Budget calls to scrap VAT on electric cars to boost sales

Calls have been made for Chancellor of the Exchequer Sajid Javid to scrap VAT on the sale of electric cars in the forthcoming Budget.

The demand comes from the AA, which also wants VAT to be scrapped on monthly lease rentals and the premium Vehicle Excise Duty (VED) rate, applied to vehicles with a list price in excess of £40,000, to be removed from electric vehicles to encourage uptake.

The motoring organisation says that as the £320 a year Vehicle Excise Duty supplement is only applied in years two to six of a vehicle’s life, the change would have a “positive impact” on the sale of used electric vehicles.

The Chancellor has announced that the Budget, delayed by Brexit negotiations and December’s general election, will now be held on Wednesday, March 11.
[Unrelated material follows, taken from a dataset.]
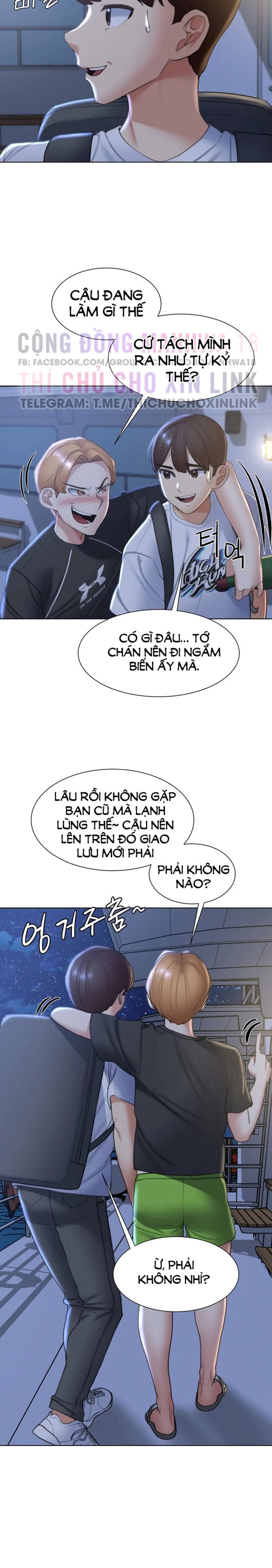 Trò Chơi Mạo Hiểm - Chap 10
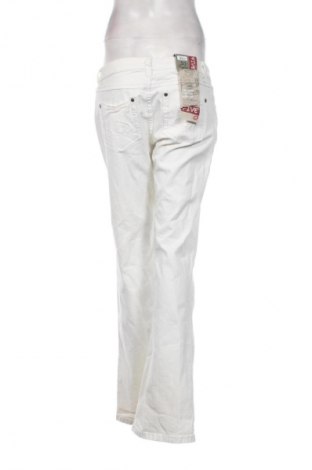 Blugi de femei Edc By Esprit, Mărime L, Culoare Ecru, Preț 31,99 Lei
Last year registrations of battery electric cars totalled 37,850 units, 144% up on 2018 but still accounting for just a 1.6% share of total new model sales, according to data from the Society of Motor Manufacturers and Traders. Together with plug-in hybrid vehicle registrations, electric vehicles accounted for a combined near-73,000 units last year to take just a 3.1% share of the new car market.

Nevertheless, Go Ultra Low, the collaborative campaign group bringing together the Government, SMMT and motor manufacturers, said 2019 was the most successful year for electric car registrations to date. At the end of last year the number of 100% electric and plug-in hybrid cars registered in the UK was 271,524.

What’s more vehicle choice is set to further expand in 2020 as a further 23 zero emission cars and 11 plug-in hybrid models are set to make their showroom debuts including the Peugeot e-208, Volkswagen ID.3, Mercedes-Benz EQC, Vauxhall Corsa-e, Skoda CITIGO E, and Mini Electric.

AA president Edmund King said: “The UK car parc needs a shock to the system. Eight out of 10 drivers say improving air quality is important to them, but they are confused by current policies and as such many have stuck with older, more polluting cars.

“A combination of the climate change emergency and local councils setting up vastly different Clean Air Zones, means that many drivers feel under pressure to change but can’t no matter how much they try.

“With electric vehicles making up just 0.2% of the nation’s cars, there is a long way to go to meet the official target of at least half new car sales to be ultra-low emission by 2030. Our proposal would help to achieve that goal more quickly.”

He concluded: “Drivers want to amplify their wishes to go electric. We hope by plugging this idea the country will unite and deliver positive change.”

The AA’s calls follows a survey of more than 17,500 members of which 61% said removing VAT would help persuade them to buy an electric vehicles and 40% also said that VAT should be removed from lease rentals.

Meanwhile, with Parliamentary time taken up over the last year by Brexit debates resulting in the expected autumn Budget not being held it meant that no Finance Bill was published. It was expected to include draft legislating outlining company car benefit-in-kind tax rates for the three financial years starting 2020/21 which were announced last summer.

As a result, with little more than two months before they are due to be implemented on April 6, the fleet industry is hoping that the Finance Bill following the spring Budget will quickly introduce them into law.

ACFO chairman Caroline Sandall said: “Not only is it urgent, given it is only a few weeks before the start of the new financial year, that the Budget confirms that they will be introduced into the Finance Bill unchanged and thus become effective as fleet operators and company car drivers expect from April 6, but the Chancellor must also announce rates for at least the following two years.

“Company car replacement cycles are typically four years with some extending into a fifth year. It is imperative that fleet operators and drivers know what the tax burden will be throughout the lifetime of a vehicle on fleet to enable long-term planning.

“Consequently, ACFO would expect the Chancellor to announce company car benefit-in-kind tax rates for at least 2023/24 and 2024/25 in the Budget.”